A few months back the gaming world was shocked when Rocket League developers Psyonix opened the discussion on allowing PlayStation 4 and Xbox One gamers to finally play in the same games. What many thought couldn’t happen seemed to be on the cusp of occurring – with both Microsoft and Psyonix seemingly on board with cross-console multiplayer. Yet in the intervening months there’s been very little movement on the topic. Rocket League recently deployed a huge update, one that’s positioned the game for such an arrangement. Yet the button hasn’t been switched, console gamers remain divided. We’ve been left wondering – will it ever actually happen or was it all too good to be true?
Before the long period of radio silence – it looked as though the issues would come from Sony’s side of the conversation. Microsoft loosened it’s policy a few months ago and seemingly left the door unhinged – ready for Sony to blow it off. Yet even back when the story first hit the press, Sony’s response to the whole thing seemed luke-warm at best. The company telling the press it;
“..Would be happy to have the conversation with any publishers or developers who are interested in cross-platform play.”
It was a few steps down from the excitement emanating from other parts of the industry – leading to the suggestion Sony was more cautious than its competitors about the prospect of opening itself up to cross-console multiplayer.
In truth there’s a lot of potential headaches just waiting to jump out should the idea move forward. While the idea is lovely and the communal aspects are apparent – gaming is still very much the reserve of businessmen and profits. There’s very little obvious return to be made by console manufacturers from allowing this but a lot of logistical work required to make it work. Put simply – the returns don’t diminish the effort required – which is probably why Sony haven’t jumped on the idea.

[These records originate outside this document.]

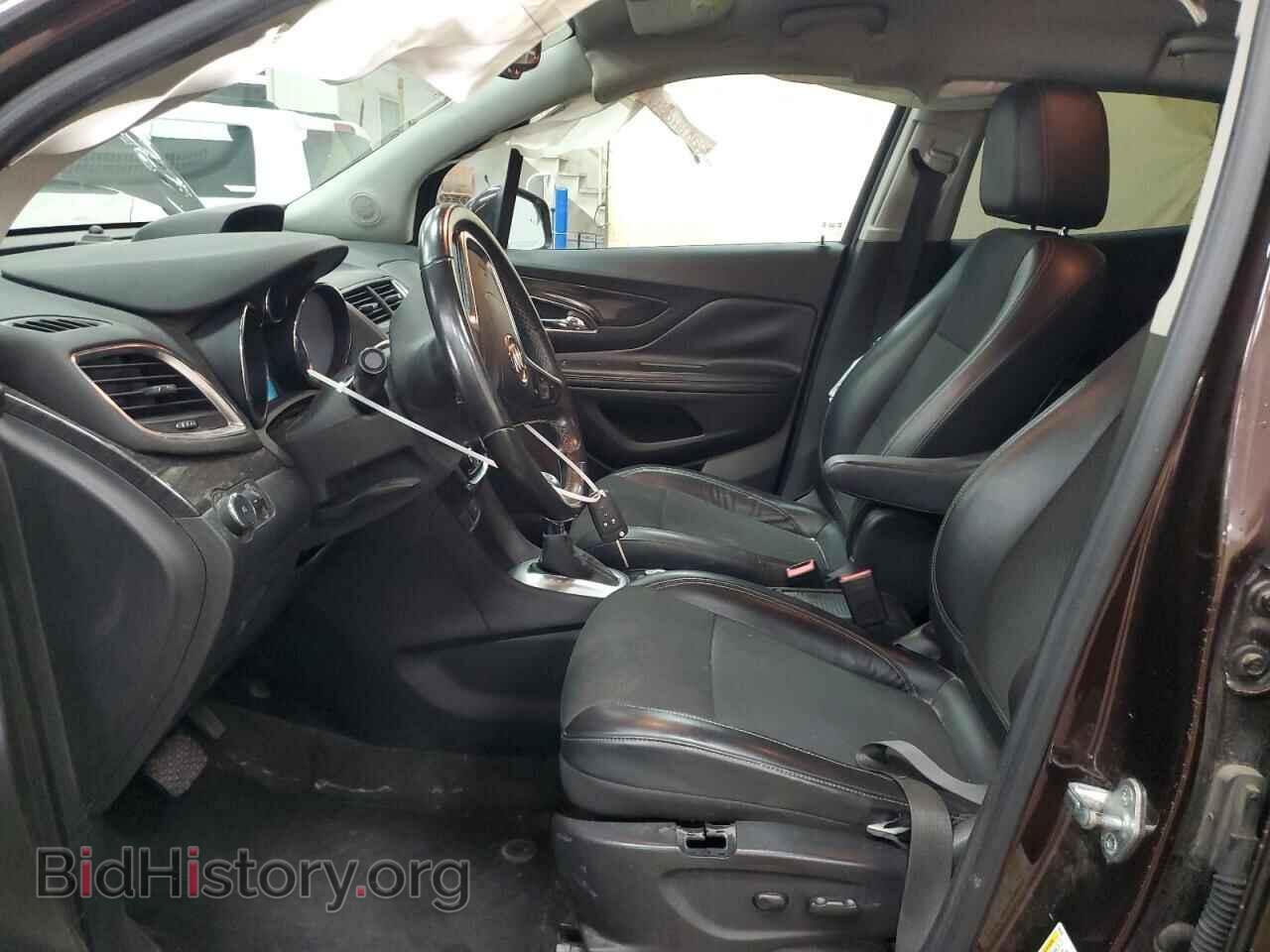 2013 BUICK ENCORE - VIN: KL4CJBSB5DB093431 - Фото 7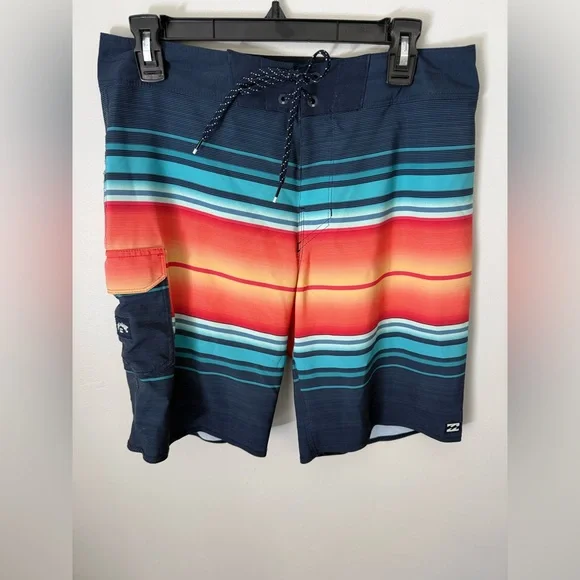 Billabong Mens Board Shorts Swim Size 30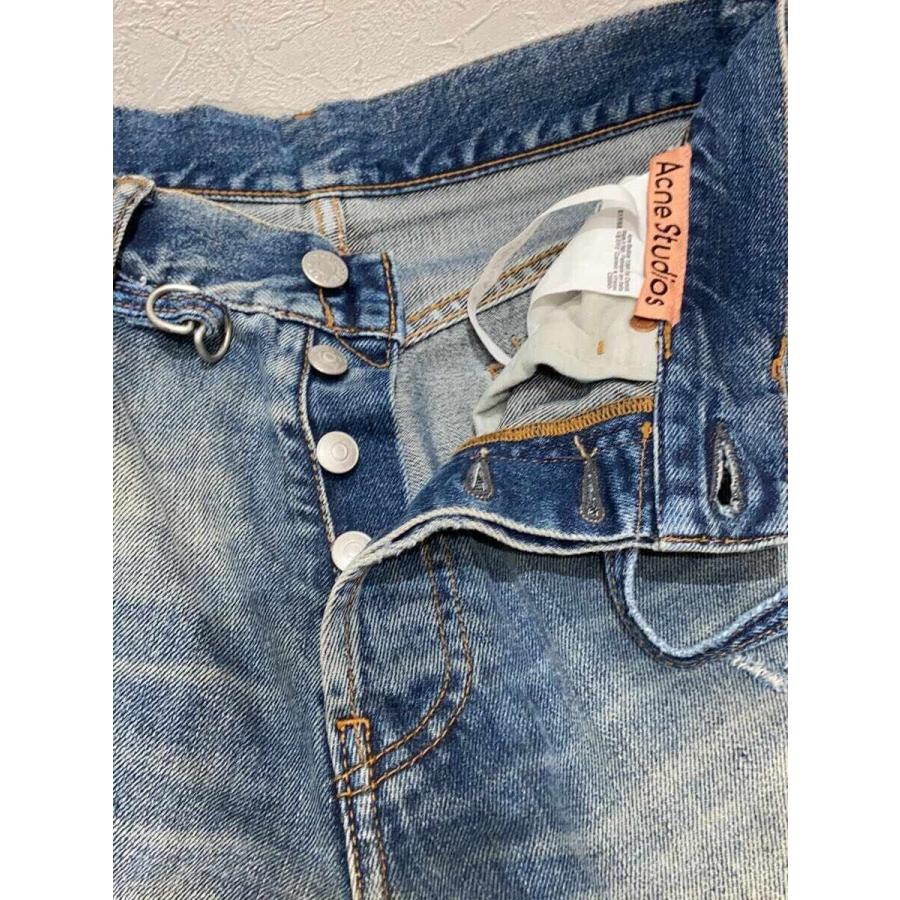 Acne Studios(Acne)◇ルーズフィットダメージジーンズ1991/27/コットン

One of the biggest variables that hangs over the whole idea – how would it even work? Right now the dream seems to be muddled with the cold reality – Sony and Microsoft will never share their networks fully. This means that even if cross-platform gaming were an option on the table, the odds are you’d have an incredibly hard time finding your friends if they’re sat on other consoles. Gamers wouldn’t be able to ping friends messages, invite friends into your lobbies or even check if they’re online unless Microsoft and Sony opened up their PSN and Xbox Live networks.
It would fall to developers to make a system where the game could go and find your friend to bring them into the lobby. We’ve already got third-party networks that could handle this – the likes of EA Accounts and Capcom’s Fight Network provide a template for the idea. But do gamers really need to be signing up for every network in every game they purchase? That breaks the seamless experience that consoles have created up to now and means yet more reliance on the haphazard third-party servers to make it all work. I don’t know about you, but my interactions with EA’s servers haven’t left me enthralled over the years.
Plus it all comes back to the issue of communication. For example, how limited would the ability to voice chat across consoles be? Without a unified network (Something that will never happen) gamers won’t be able to invite to parties, private chats or any of the luxuries that users on the consoles are so used too. It’s why in most cases cross-platform games would be relegated to random match ups – which really raises the question of would it be worth doing at all? If all the intention of these movements is just to lump gamers into one big pool rather than segmenting them into console brands; is it worth getting excited about if two friends can’t connect and play as seamlessly as they can on one console?
For me personally the lack of discussion over the finer details and the general lack of momentum in the conversation suggests it’ll be a while yet before this feature even comes close to hitting the market. Psyonix say their updates ready and waiting to launch – it just needs the sign-off from Microsoft and Sony. Given that neither they nor Sony or Microsoft has been eager to talk about the logistics of this – we can’t imagine it’s coming anytime soon. Which is a real shame for those who got excited about the idea back in May. Some gamers were talking about a new age of seemless multiplayer gaming that would allow gamers to jump onto their console and play with all their friends. all these months later, it seems the dream of cross-console is still very much just that – a dream.
What do you think? Is cross-console multiplayer a feature you want to see in gaming?